The same is being done with NFTs.
NFTs are relatively cheap to produce, can be made in whatever quantity you choose, and can be sold without the necessity of manufacturing or shipping. What this means is that pricing is entirely up to you.
On NBA Top Shot, basketball fans can buy a $200,000 Lebron James dunk NFT or spend $2 on a Daniel Thies dunk NFT. Beeple sold a $69 million NFT at auction, but he also released 105 NFTs for sale for just $1 each—of course, this sale quickly crashed the MakersPlace website. Maybe customers can’t afford a Burberry trench coat, but their $300 NFT avatars and $100 NFT Jet packs sold out in seconds.
All these examples show that with NFTs, the producers can pick the price. You could turn the same artwork or piece of clothing into an NFT and sell 100,000 of them for $1 each, sell 1,000 for $100 each, or sell just one of them for $100,000.
The item is digital, so production and distribution costs barely rise with scale.
Brands can give millions of customers a unique product and brand experience at a low price. In this way, there’s nothing quite like NFTs.
In the Nike and Gucci metaverse examples above, both brands are both selling and giving out free virtual merchandise. They can give out millions of branded caps and armbands that will be worn around the Roblox world, with little-to-no additional overhead.
This lets the brands create important touchpoints with consumers at a low cost. Today’s young gamers are tomorrow’s retail shoppers. And if you’ve spent hours playing video games with your virtual avatar wearing Nike apparel, which brand will you think of next time you need sneakers?
The early days of NFTs are often compared to the early days of the Web. In the late 90s, the world was rife with predictions about the future of the Web and ecommerce. Many believed websites would be the future of everything. Others labelled tech stocks overvalued and the techno-optimism misguided.

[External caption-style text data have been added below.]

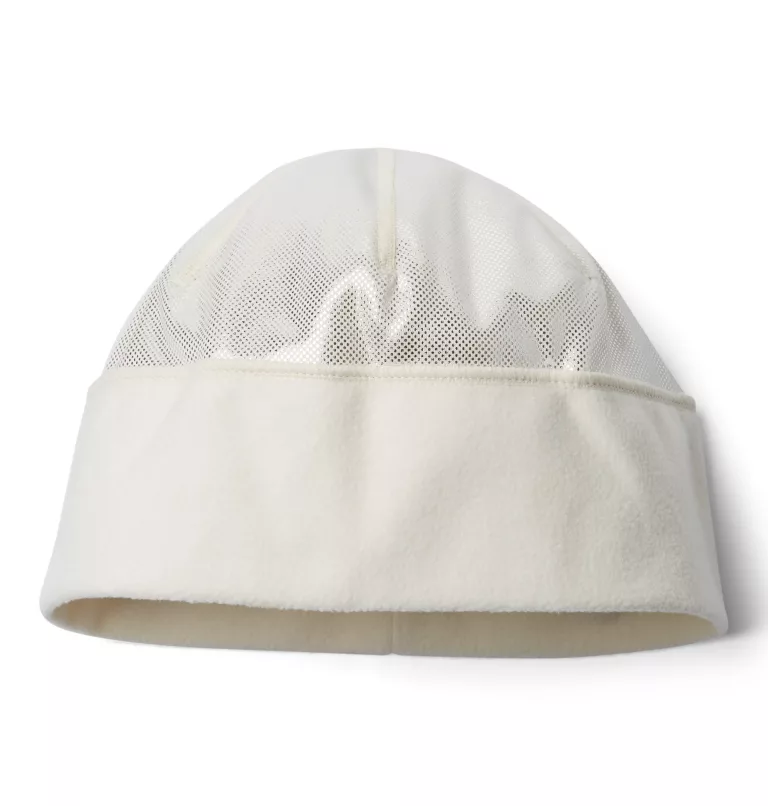 Trail Shaker™ Omni-Heat™ Fleece Beanie Chalk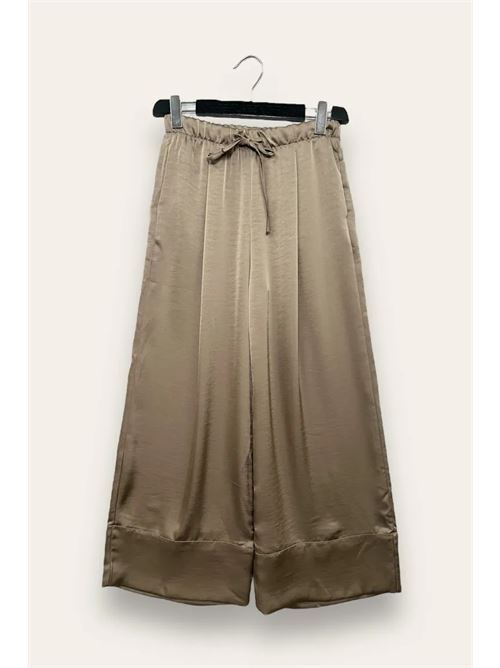 LOVEme CL-10691/Beige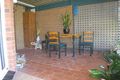 Property photo of 18/43 Murtha Drive Elanora QLD 4221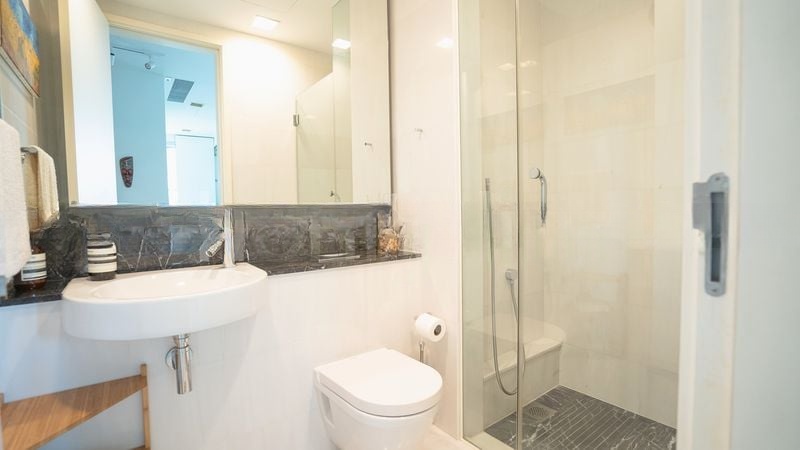 REFLECTIONS AT KEPPEL BAY 11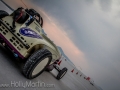 Bonneville Speed Week Photography by Holly Martin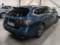 preview Peugeot 508 #1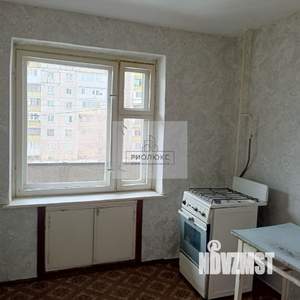 2-к квартира, вторичка, 53м2, 3/10 этаж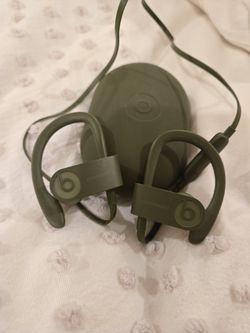 Power Beats3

Both groups had it right, sort of.
From the rubble of the Dot Com Bubble crash emerged the tech companies that now dominate our world. Google, Amazon, eBay, and other internet-based companies have grown to staggering heights.

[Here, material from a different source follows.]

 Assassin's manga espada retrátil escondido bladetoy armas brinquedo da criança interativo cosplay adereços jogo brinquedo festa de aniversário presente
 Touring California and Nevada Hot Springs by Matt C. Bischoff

If the analogy isn’t already obvious, many see cryptocurrencies and NFTs as fated for this same life cycle. It has all the same qualities.
There’s the same fanaticism on one side and skepticism from the other.

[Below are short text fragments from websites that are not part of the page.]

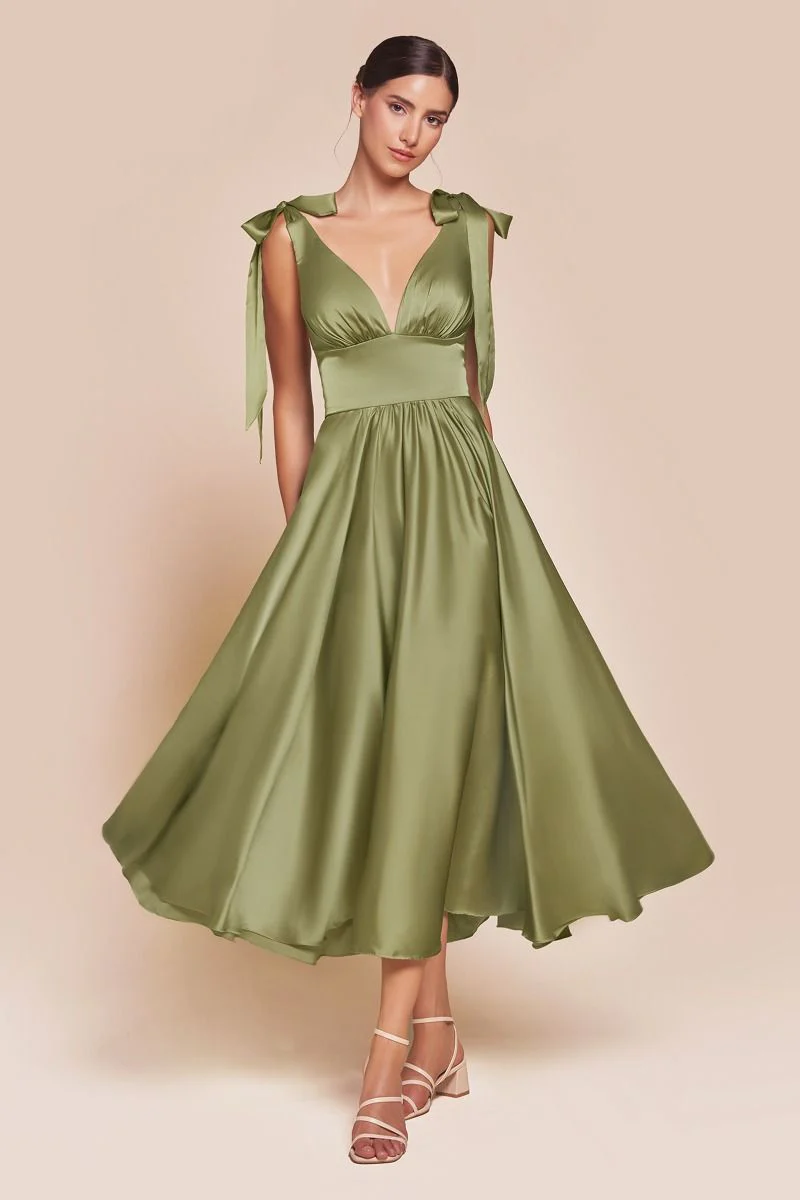 Sabrina - 7499 - Image 6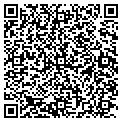 QR code with Snap-On Tools contacts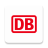 icon DB Navigator 22.08.p01.00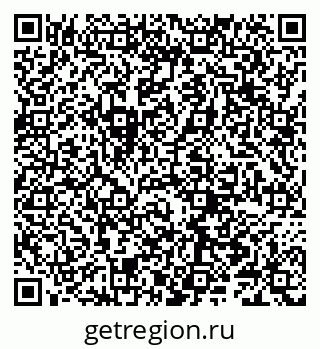 79066286607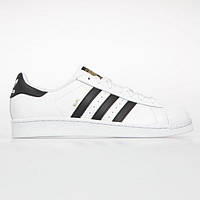 Чоловічі кросівки Adidas Superstar C77124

There’s the same massive valuations of NFT series and staggering plummets of others.
There’s the same true technologists excited by the potential of NFTs, and scammers looking to make a quick buck.
And there’s the same scrambling of corporations to integrate blockchain technology and create NFTs as there were with websites in the late 90s.
While this analogy creates fear for many—the Dot Com Bubble lost investors a lot of money and saw many companies shut down—it creates great excitement for others. It tells a tale of possibility. It recreates the excitement that buzzed around Silicon Valley in garages and start-up offices.
In 2013, angel investor and software developer Chris Dixon wrote an article called “What the smartest people do on the weekend is what everyone else will do during the week in ten years”.
He mentions Bitcoin, which at the time was worth about $150 (current price over $40k); the Internet of Things, a then niche area which McKinsey estimates drove $1.6 trillion in economic value in 2020; and 3D printing, a then $4.4 billion industry which ballooned to $16 billion in 2021.
While few of us spend our weekdays trading Bitcoin, 3D printing, or developing the Internet of Things, it’s safe to say Dixon’s article has prescience.
What’s Dixon working on now? You guessed it: NFTs and blockchain tech.
What the smartest people do on the weekends has spawned whole industries. This was true for the early Web. It was true for Web 2.0 and ecommerce. The question is whether it’ll be true for Web 3.0 and NFTs.
And whether it’s a chance your business is willing to miss.